Article recommended and selected by the Human Technology eXcellence team, processed through artificial intelligence (in this case with LLM HTX-EU-Mistral3.1Small) on 2026-03-23 08:36 Original Source: https://github.com/666ghj/MiroFish/blob/main/README-EN.md

Related Articles #


The HTX Take
#

This topic is at the heart of what we build at HTX. The technology discussed here — whether it’s about AI agents, language models, or document processing — represents exactly the kind of capability that European businesses need, but deployed on their own terms.

The challenge isn’t whether this technology works. It does. The challenge is deploying it without sending your company data to US servers, without violating GDPR, and without creating vendor dependencies you can’t escape.

That’s why we built ORCA — a private enterprise chatbot that brings these capabilities to your infrastructure. Same power as ChatGPT, but your data never leaves your perimeter. No per-user pricing, no data leakage, no compliance headaches.

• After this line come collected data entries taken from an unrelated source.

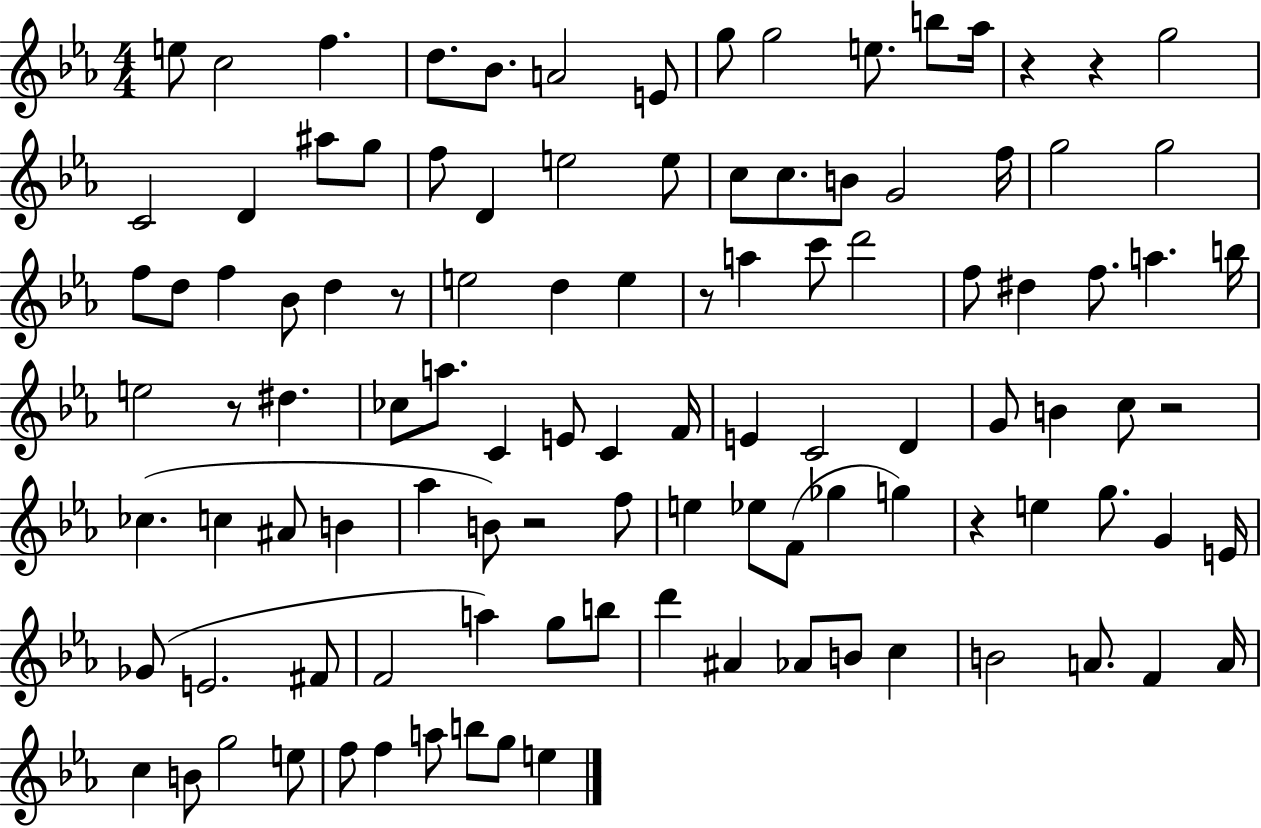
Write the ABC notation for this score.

X:1
T:Untitled
M:4/4
L:1/4
K:Eb
e/2 c2 f d/2 _B/2 A2 E/2 g/2 g2 e/2 b/2 _a/4 z z g2 C2 D ^a/2 g/2 f/2 D e2 e/2 c/2 c/2 B/2 G2 f/4 g2 g2 f/2 d/2 f _B/2 d z/2 e2 d e z/2 a c'/2 d'2 f/2 ^d f/2 a b/4 e2 z/2 ^d _c/2 a/2 C E/2 C F/4 E C2 D G/2 B c/2 z2 _c c ^A/2 B _a B/2 z2 f/2 e _e/2 F/2 _g g z e g/2 G E/4 _G/2 E2 ^F/2 F2 a g/2 b/2 d' ^A _A/2 B/2 c B2 A/2 F A/4 c B/2 g2 e/2 f/2 f a/2 b/2 g/2 e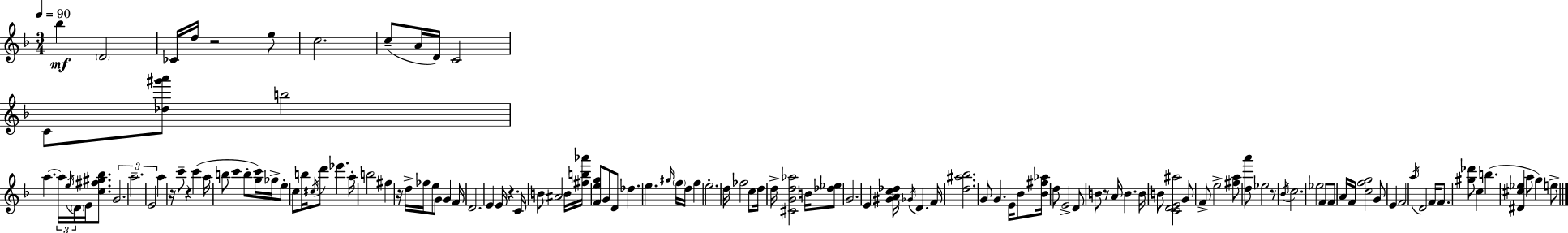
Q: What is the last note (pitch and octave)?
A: E5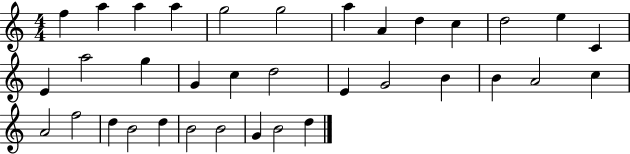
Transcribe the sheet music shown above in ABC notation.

X:1
T:Untitled
M:4/4
L:1/4
K:C
f a a a g2 g2 a A d c d2 e C E a2 g G c d2 E G2 B B A2 c A2 f2 d B2 d B2 B2 G B2 d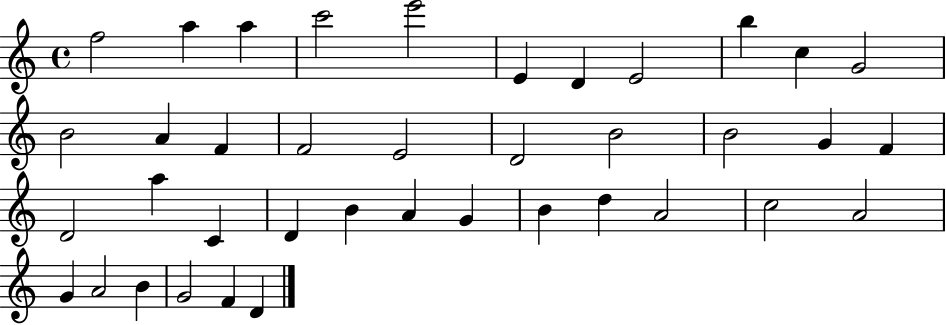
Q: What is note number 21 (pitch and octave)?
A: F4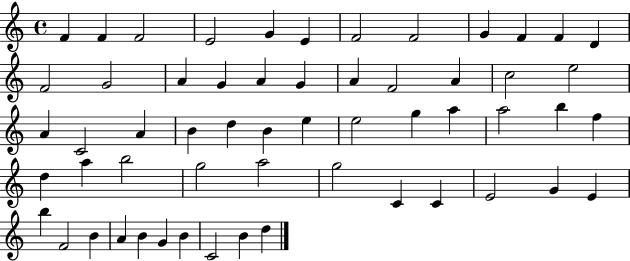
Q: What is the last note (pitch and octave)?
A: D5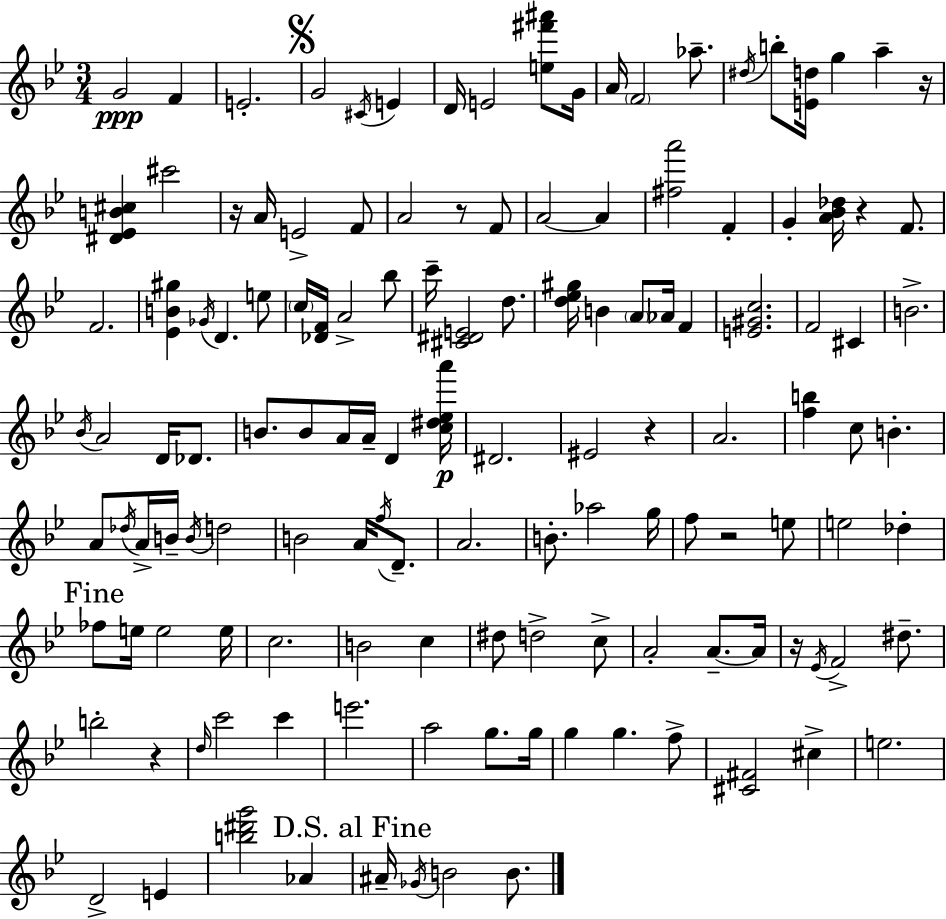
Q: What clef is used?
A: treble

Want to see how ready your company is for AI? Take our free AI Readiness Assessment — 5 minutes, personalized report, actionable roadmap.

Discover ORCA by HTX
Is your company ready for AI?
Take the free assessment →

FAQ

Can open-source AI tools be used safely in enterprise?

Absolutely. Open-source models like LLaMA, Mistral, and DeepSeek are production-ready and used by major enterprises. The key is proper deployment: running them on your own infrastructure ensures data privacy and GDPR compliance. HTX's PRISMA stack is built to deploy open-source models for European businesses.

What's the advantage of open-source AI over proprietary solutions?

Open-source AI offers three key advantages: no vendor lock-in, full transparency into how the model works, and the ability to run entirely on your infrastructure. This means lower long-term costs, better privacy, and complete control over your AI stack.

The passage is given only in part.